For the past few years I've been using Paymo. It allows my employees to track their time per project & task so that I can manage what I'm paying out as well as taking in. I can customize the emails/invoices that are sent out and each user is provided a link to make a payment online or they can submit a check. The major downfall to this system is that it's not incredibly good looking - or at least the look I want my business to have. So we are working on a system that will allow for ticketing, time tracking and payments. Hopefully integrate this through a plugin with all our clients sites so that they can submit a ticket as well as pay an invoice (through a link) right from the backend of their website. Oh - if we only had time to get this implemented!
I use Freshbooks for client accounting and invoicing. It's a much slimmer alternative to Quickbooks, gives me a lot of control over billing, and allows the client to pay with a credit card, paypal, or check. I didn't shop around much for a solution, as Freshbooks has a nice integration with FreshDesk (no relationship between the two companies except in name), which I use for time tracking client work.
Both systems have a clean professional interface for clients with my branding, and both keep me up to date with realtime notifications. Freshbooks invoices have email automation, and the system records when the client views the invoice.
I agree with allowing clients to pay via any method. It should be transparent to the client, not a hassle, as long as they make timely payments per set terms. If it comes to haggling over money on either end (beyond pricing & quotes) that's a poor relationship to be avoided.

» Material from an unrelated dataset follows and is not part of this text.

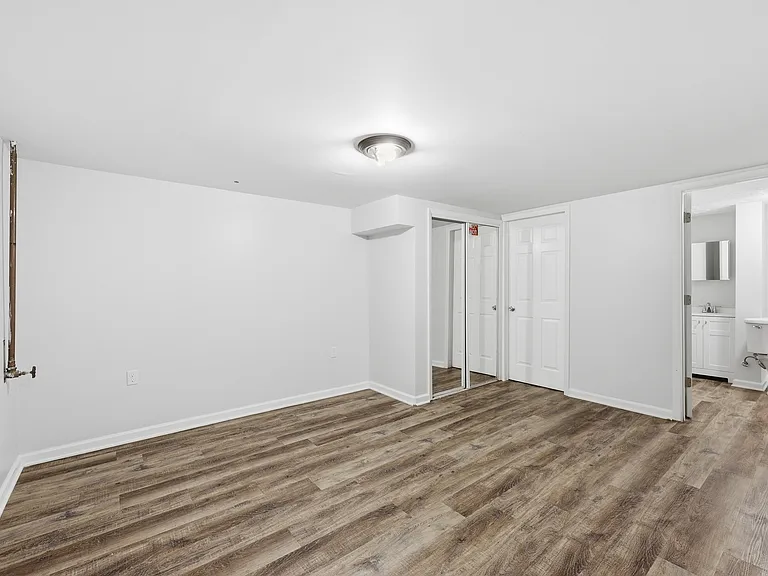 1882 Bennigan Dr — Photo 14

Just to close the loop, I took @AnthonySiringo's advice and looked into Stripe. I have it set up now and am really looking forward to sending out this Friday's invoices with the announcement that I can now take payment online.

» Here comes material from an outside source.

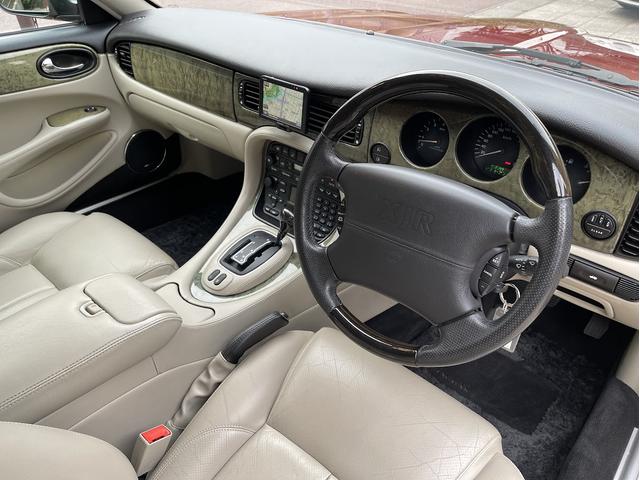 XJ XJR 4.0スーパーチャージドV8 XJR 4.0スーパーチャージドV8(5名)ガレージ保管・全車検記録簿・禁煙・保証書・純正車検証ケース・取説・純正スペアキー(10枚目)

For anyone else who might be considering Stripe: I found their online documentation to be excellent, and it was easy to integrate with my WordPress website. I use Gravity Forms, and it turns out there is a plug-in that lets GF work with Stripe, so you can have the payment forms look just like the other forms on your site (if you don't want to use Stripe's format). Also, using GF I could create a nicer receipt than what Stripe generates. I realize these are optional things, and it works fine without. Just pointing out that I was happy it integrates.

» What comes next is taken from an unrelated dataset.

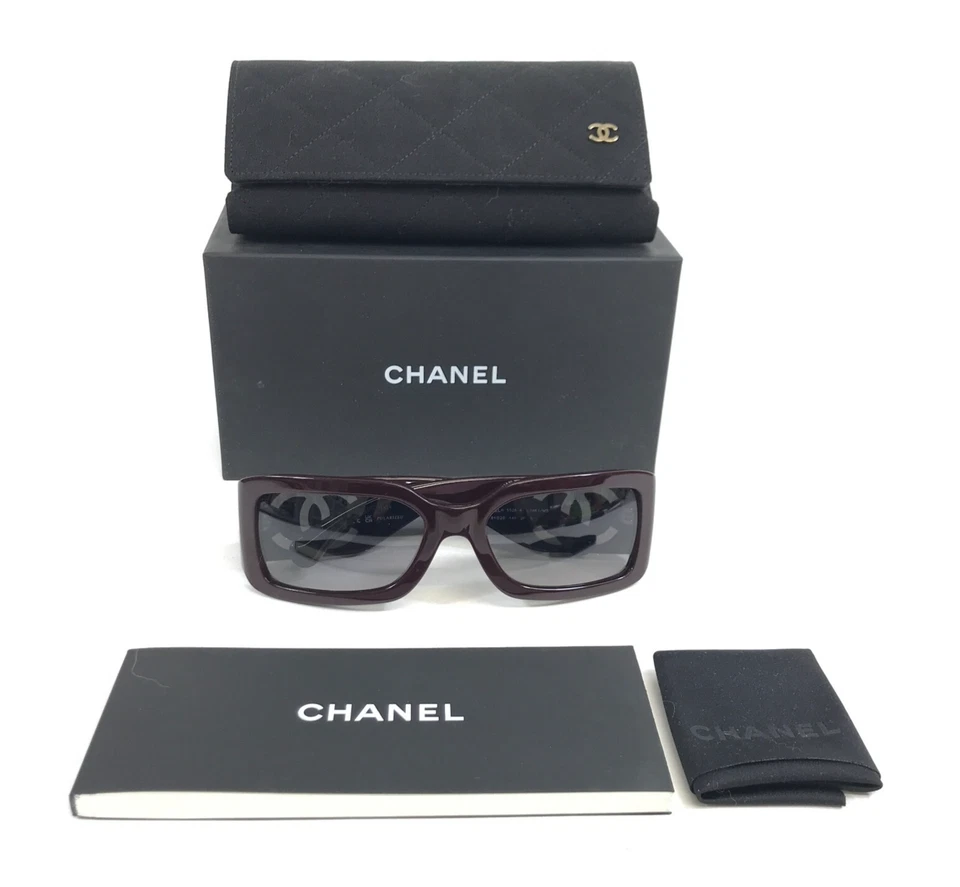 Gafas de sol Chanel 5526-A c.1461/M3 púrpura oscuro montura asiática con gris polarizado Foto 2 de 4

Here are some other WordPress plug-ins that integrate with Stripe.
The one thing I did not like (and so far this is minor), is that there is no phone support. I had originally contacted them and hoped to talk to someone with some questions. They did respond promptly by email but said they just don't do anything on the phone. Again, since their documentation is really good, and they are very responsive by email, so far it's not an issue.
It remains to be seen whether clients like it, but so far I'm happy! Thanks again, @AnthonySiringo
Lots of thumbs up with the suggestions above including Freshbooks and Stripe. We use a forms builder called Formstack to setup a check out system that sets up a recurring billing relationship. The form collects the basic information including giving a discount if you buy a year's worth of support up front. The form also invokes a recurring billing profile with Freshbooks and sends the invoice back to the customer. They can setup recurring billing with PayPal or use the Freshbooks auto-bill feature to setup a recurring billing via a credit card directly with Freshbooks. It event Tweets out a message about a new order if the customer says it is ok to do so.
The key I found is to be clear about charges and make sure you have your billing system send out invoices properly, accurately and with late reminders.